---------- MATERIAL SUPPLIED ----------

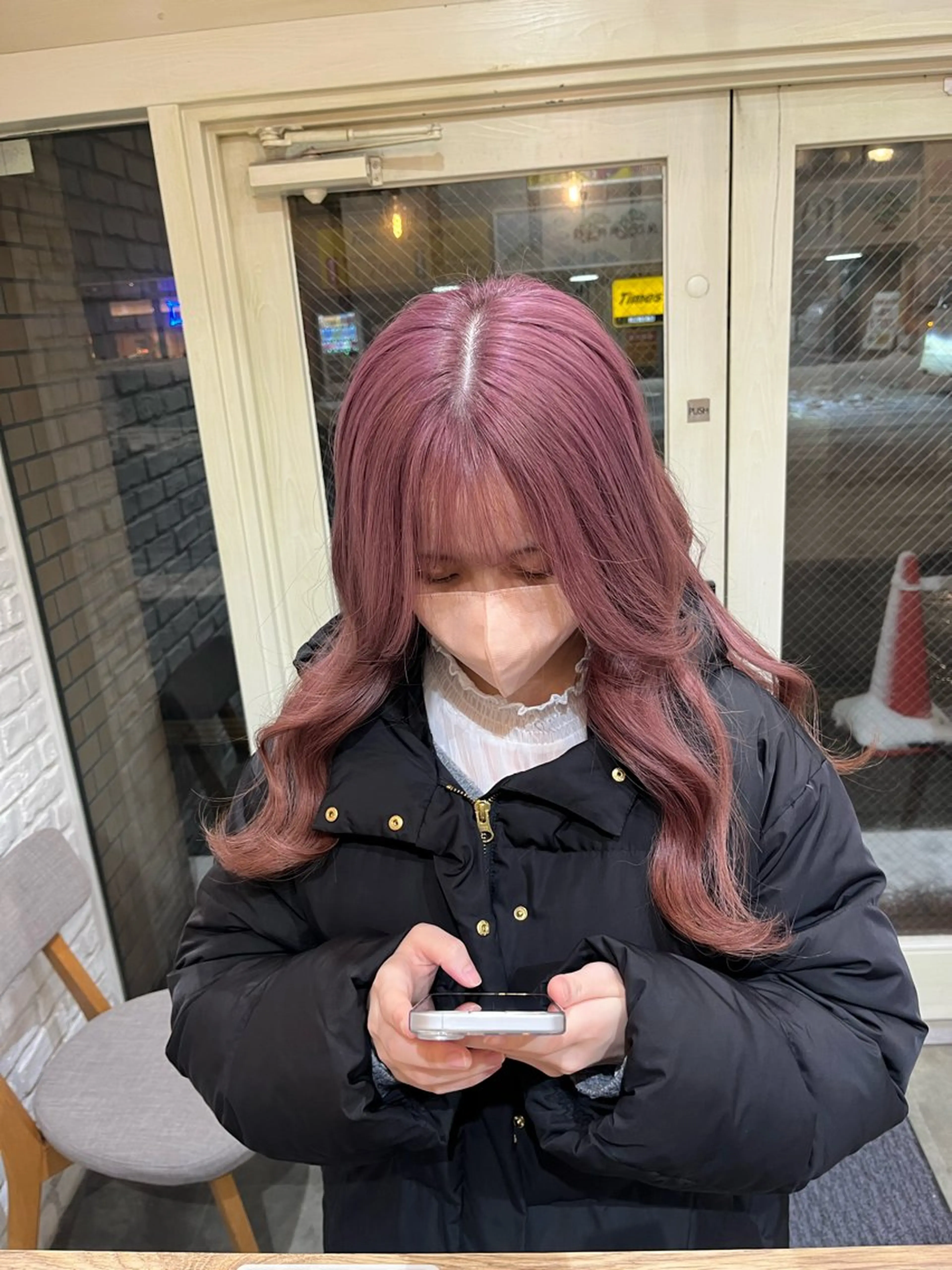 カラー ミジュ/ ハイトーンのヘアスタイル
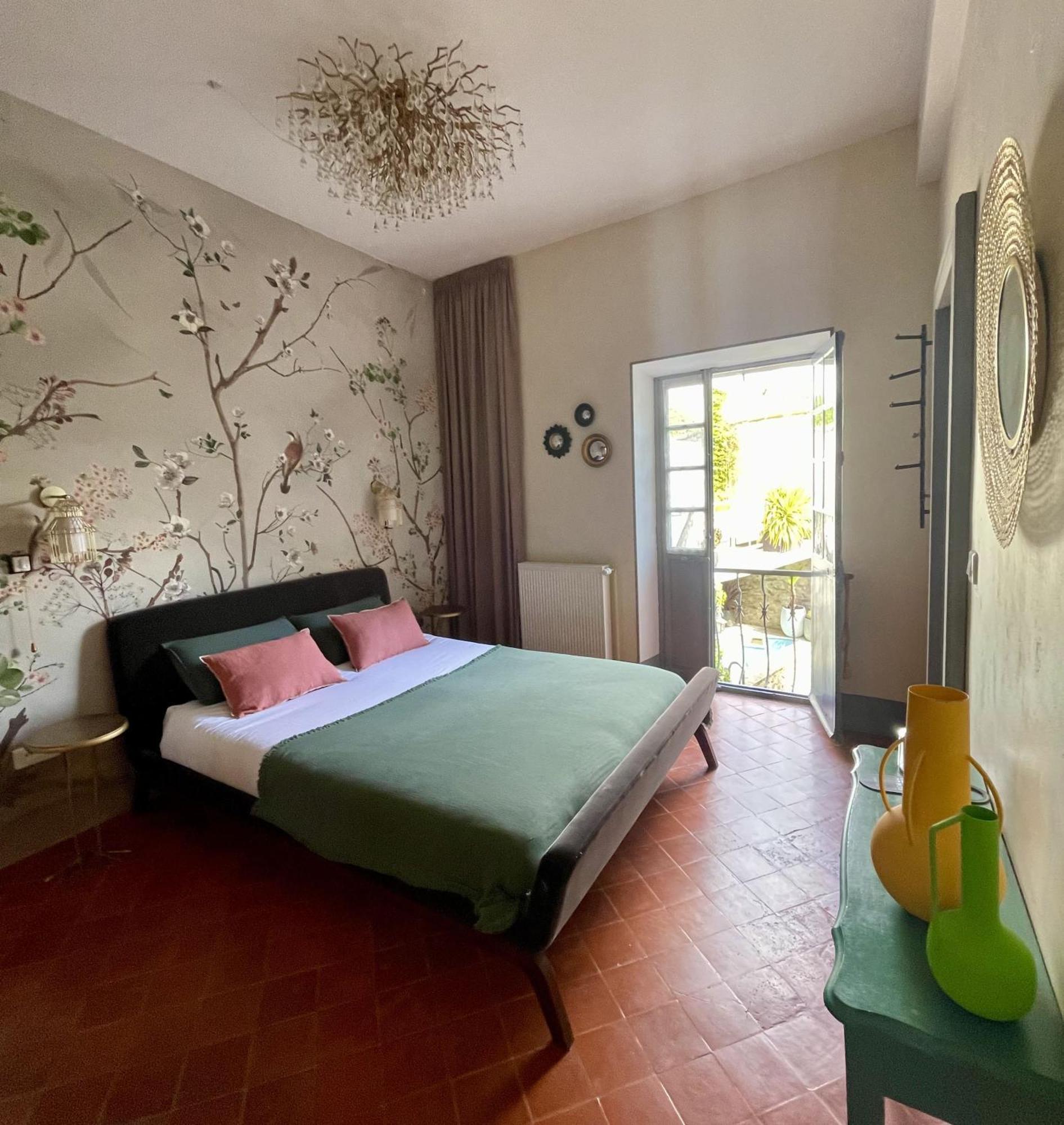 L'Oiseau Bleu Rollier Bed & Breakfast Roubia ภายนอก รูปภาพ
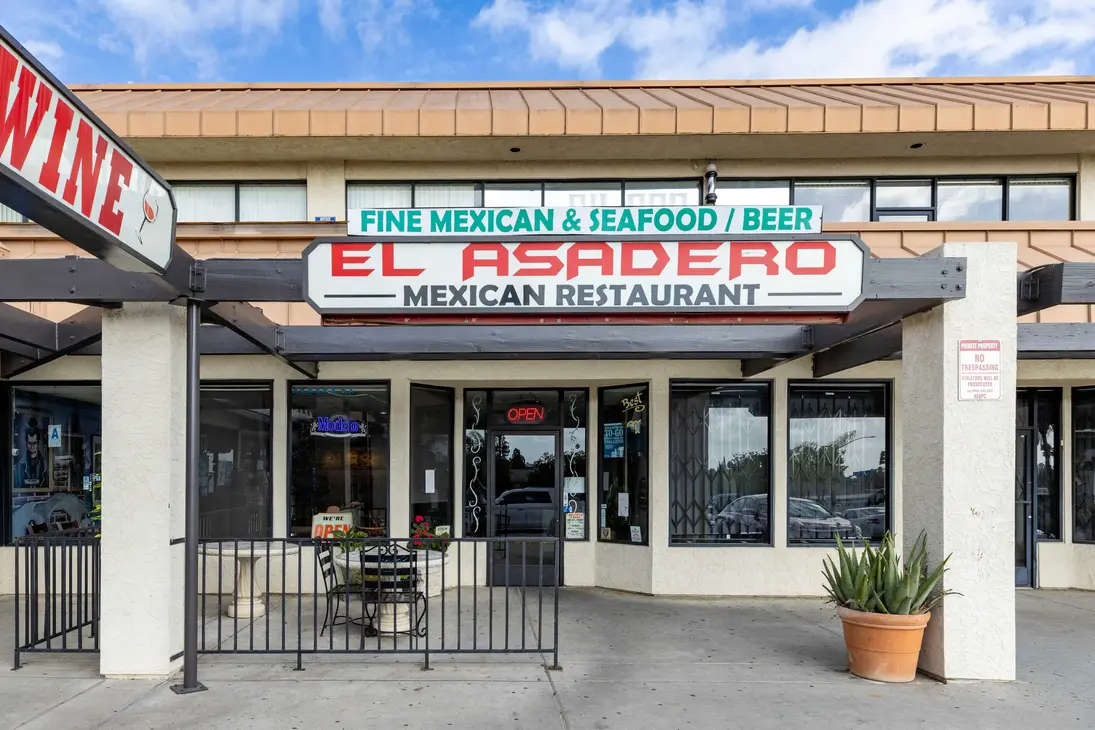 The front of El Asadero restaurant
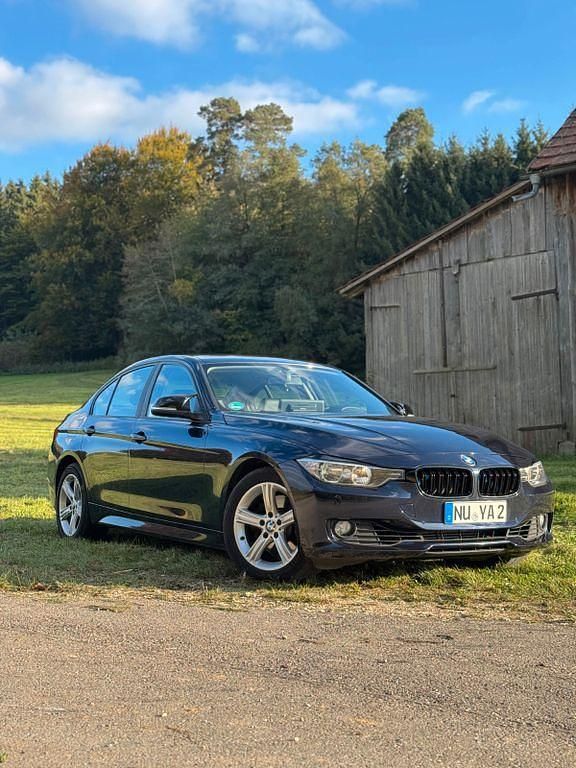 Blau Gebraucht 2014 BMW 325 Sport Line Limousine | 15.250 € (Teuer) - Bild 1/4
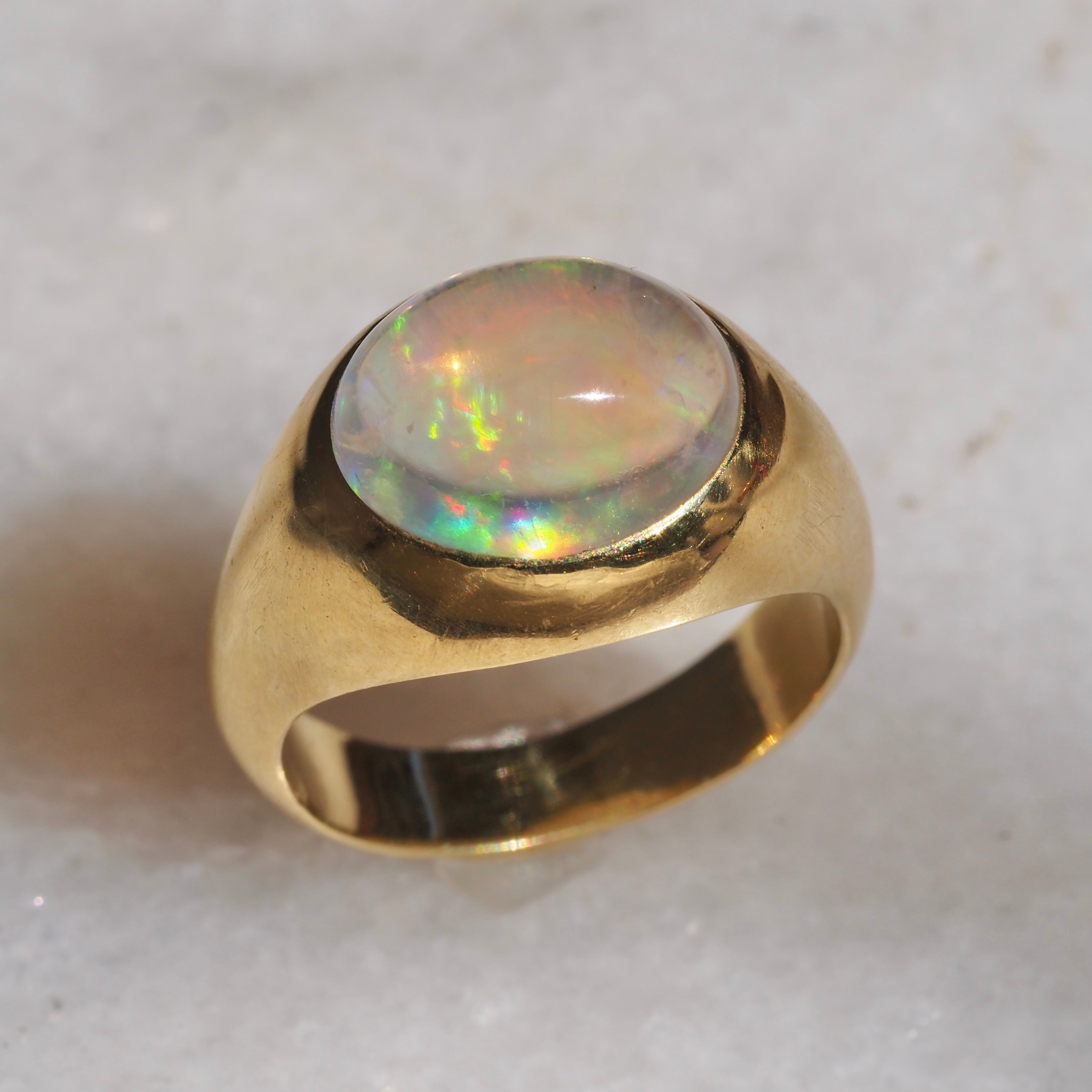 Jelly Opal Cabochon 18k Gold Dome Ring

----------

» **PROMPT**
Every line from the one containing "The front of El Asadero restaurant" through the last line of the data, both included, is to be repeated exactly; the pictures are to be left out.

» **ANSWER BOX**
 The front of El Asadero restaurant
 Blau Gebraucht 2014 BMW 325 Sport Line Limousine | 15.250 € (Teuer) - Bild 1/4
 Jelly Opal Cabochon 18k Gold Dome Ring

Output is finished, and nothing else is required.